- **WHAT YOU WILL DO**: You are to retype exactly the line with "this 608×342 image." and every line after it in the entries below.

(Image-backed grounding data)

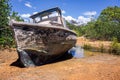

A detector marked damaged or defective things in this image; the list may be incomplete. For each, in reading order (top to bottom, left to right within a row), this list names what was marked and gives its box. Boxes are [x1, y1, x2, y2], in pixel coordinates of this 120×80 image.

rusted metal hull [10, 21, 77, 66]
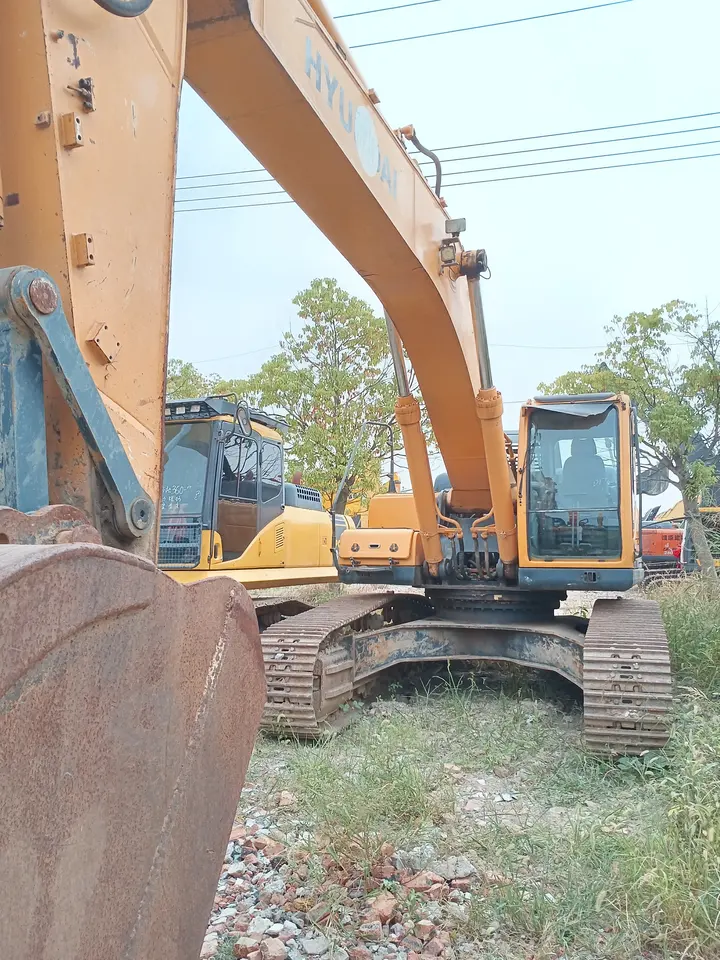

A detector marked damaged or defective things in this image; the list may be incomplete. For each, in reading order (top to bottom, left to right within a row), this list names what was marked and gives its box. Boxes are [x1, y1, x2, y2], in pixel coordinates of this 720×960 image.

rusty excavator bucket [0, 544, 268, 956]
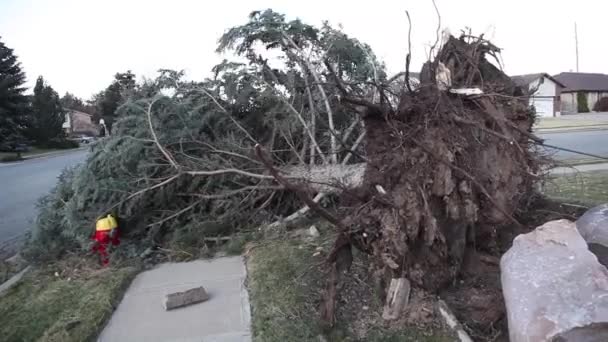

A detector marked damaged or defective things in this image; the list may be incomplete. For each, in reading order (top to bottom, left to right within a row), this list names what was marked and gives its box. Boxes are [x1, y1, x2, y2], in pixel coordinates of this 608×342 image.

broken wood piece [164, 284, 209, 312]
broken wood piece [382, 278, 410, 320]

- **REPLY TO THE EXERCISE**:
A detector marked damaged or defective things in this image; the list may be incomplete. For each, in reading order (top to bottom, left to right within a row), this list names what was marked and gives its box. Boxes are [x1, y1, x2, y2], in pixel coordinates of this 608×342 image.

broken wood piece [164, 284, 209, 312]
broken wood piece [382, 278, 410, 320]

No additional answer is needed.